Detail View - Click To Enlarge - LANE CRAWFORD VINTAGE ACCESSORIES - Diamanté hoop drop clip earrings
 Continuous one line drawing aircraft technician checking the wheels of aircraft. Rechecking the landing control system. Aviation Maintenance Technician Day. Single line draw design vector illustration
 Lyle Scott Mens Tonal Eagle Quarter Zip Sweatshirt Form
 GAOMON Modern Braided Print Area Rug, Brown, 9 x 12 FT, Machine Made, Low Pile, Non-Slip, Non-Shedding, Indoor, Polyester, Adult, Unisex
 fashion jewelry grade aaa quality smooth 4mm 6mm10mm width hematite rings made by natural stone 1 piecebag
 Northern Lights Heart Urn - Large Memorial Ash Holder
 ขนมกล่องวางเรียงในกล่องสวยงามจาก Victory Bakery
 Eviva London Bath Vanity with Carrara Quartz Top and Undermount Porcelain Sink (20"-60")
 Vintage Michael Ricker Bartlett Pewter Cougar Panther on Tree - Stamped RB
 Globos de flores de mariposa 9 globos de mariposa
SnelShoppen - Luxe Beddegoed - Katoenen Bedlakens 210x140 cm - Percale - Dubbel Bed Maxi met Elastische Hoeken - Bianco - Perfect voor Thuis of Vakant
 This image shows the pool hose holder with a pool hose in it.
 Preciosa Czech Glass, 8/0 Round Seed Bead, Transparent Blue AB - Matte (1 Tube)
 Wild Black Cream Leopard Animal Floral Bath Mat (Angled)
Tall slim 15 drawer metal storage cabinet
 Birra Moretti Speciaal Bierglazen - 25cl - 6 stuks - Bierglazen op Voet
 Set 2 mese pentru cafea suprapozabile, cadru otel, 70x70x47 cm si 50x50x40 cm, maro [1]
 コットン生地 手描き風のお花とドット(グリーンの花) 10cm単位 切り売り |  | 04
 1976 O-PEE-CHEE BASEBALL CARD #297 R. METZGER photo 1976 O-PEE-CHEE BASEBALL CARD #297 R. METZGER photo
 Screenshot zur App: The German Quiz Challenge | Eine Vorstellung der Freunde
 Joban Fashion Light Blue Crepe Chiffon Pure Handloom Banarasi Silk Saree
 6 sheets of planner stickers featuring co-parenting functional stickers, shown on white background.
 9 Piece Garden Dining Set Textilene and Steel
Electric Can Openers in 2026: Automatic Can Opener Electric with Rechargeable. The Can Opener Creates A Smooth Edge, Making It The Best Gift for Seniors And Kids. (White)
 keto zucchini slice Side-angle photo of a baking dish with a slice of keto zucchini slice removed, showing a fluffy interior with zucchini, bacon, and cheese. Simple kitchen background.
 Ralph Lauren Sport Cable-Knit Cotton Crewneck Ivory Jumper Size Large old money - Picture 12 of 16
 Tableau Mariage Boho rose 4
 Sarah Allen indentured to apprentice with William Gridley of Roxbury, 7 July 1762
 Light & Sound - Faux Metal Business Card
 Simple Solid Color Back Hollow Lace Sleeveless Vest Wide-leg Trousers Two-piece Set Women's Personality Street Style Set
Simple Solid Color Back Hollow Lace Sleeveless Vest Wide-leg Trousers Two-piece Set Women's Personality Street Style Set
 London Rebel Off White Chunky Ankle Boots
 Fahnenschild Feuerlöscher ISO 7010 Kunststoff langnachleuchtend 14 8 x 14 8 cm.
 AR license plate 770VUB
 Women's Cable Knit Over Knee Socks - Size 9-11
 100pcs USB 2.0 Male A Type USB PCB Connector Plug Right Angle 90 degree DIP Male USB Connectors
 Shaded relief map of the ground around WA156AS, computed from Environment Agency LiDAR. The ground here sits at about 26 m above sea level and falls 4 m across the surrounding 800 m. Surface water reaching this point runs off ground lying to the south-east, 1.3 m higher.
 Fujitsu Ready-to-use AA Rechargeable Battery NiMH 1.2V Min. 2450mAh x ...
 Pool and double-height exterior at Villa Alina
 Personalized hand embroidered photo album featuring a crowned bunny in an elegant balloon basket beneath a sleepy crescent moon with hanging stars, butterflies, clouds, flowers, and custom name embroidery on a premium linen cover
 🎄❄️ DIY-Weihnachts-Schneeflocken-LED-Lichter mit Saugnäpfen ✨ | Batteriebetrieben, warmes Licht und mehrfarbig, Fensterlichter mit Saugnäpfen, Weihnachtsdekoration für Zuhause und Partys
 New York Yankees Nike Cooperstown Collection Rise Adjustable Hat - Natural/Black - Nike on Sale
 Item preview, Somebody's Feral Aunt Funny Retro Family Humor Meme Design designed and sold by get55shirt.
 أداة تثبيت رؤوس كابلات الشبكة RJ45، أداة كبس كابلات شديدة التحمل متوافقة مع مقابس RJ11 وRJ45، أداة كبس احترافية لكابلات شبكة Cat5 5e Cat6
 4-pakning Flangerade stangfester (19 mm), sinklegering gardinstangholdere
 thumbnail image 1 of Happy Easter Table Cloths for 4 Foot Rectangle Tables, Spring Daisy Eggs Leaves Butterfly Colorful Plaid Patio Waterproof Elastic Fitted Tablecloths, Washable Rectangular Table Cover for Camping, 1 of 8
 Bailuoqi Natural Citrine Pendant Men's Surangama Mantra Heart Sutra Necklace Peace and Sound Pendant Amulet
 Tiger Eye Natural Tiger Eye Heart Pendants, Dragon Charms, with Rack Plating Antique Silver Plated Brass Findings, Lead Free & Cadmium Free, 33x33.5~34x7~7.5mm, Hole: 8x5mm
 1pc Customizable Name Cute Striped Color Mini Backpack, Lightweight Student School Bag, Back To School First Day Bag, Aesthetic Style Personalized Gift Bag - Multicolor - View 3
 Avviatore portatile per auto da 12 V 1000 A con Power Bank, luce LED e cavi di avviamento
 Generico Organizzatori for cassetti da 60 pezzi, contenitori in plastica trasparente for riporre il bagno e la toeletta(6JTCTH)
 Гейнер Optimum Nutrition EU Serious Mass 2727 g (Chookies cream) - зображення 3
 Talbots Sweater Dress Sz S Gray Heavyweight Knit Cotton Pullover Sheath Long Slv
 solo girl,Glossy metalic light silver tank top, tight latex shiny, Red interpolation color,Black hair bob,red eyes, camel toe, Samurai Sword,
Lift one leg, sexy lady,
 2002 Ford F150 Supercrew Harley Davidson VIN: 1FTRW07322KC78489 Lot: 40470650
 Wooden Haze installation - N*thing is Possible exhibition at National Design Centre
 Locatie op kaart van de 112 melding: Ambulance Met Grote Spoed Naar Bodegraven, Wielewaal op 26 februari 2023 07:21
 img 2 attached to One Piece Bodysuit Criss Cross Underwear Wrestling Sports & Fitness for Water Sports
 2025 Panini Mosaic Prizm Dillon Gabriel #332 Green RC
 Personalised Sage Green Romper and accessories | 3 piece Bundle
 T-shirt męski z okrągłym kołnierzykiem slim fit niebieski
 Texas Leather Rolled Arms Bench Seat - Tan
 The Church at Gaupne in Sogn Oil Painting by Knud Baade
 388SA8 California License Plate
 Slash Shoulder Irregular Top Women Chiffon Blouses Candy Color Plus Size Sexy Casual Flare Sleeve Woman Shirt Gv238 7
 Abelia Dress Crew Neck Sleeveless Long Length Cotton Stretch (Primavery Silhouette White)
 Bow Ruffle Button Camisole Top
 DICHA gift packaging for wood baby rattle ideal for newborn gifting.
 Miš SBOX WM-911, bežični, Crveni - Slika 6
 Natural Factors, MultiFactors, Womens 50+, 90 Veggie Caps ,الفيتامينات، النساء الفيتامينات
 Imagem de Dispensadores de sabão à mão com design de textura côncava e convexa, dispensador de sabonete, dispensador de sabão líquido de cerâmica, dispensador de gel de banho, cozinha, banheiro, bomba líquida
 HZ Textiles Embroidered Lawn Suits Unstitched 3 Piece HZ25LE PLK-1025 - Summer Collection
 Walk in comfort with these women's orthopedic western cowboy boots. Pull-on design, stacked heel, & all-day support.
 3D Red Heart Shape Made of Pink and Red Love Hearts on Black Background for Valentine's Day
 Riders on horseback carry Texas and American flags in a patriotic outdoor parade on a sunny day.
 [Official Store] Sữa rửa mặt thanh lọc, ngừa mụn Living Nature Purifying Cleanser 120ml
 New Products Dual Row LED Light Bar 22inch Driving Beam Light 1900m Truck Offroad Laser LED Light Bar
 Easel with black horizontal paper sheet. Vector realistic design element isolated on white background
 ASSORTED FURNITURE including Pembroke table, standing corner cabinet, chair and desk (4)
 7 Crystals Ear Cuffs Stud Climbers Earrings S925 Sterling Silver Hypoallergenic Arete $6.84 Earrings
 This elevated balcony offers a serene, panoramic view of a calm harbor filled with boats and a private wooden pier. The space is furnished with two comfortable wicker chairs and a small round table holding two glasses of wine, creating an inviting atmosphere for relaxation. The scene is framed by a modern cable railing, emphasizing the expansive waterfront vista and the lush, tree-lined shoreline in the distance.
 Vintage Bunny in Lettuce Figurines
________
Your instructions: Show each line in the listing above that has "photo".

Answer section:
 1976 O-PEE-CHEE BASEBALL CARD #297 R. METZGER photo 1976 O-PEE-CHEE BASEBALL CARD #297 R. METZGER photo
 keto zucchini slice Side-angle photo of a baking dish with a slice of keto zucchini slice removed, showing a fluffy interior with zucchini, bacon, and cheese. Simple kitchen background.
 Personalized hand embroidered photo album featuring a crowned bunny in an elegant balloon basket beneath a sleepy crescent moon with hanging stars, butterflies, clouds, flowers, and custom name embroidery on a premium linen cover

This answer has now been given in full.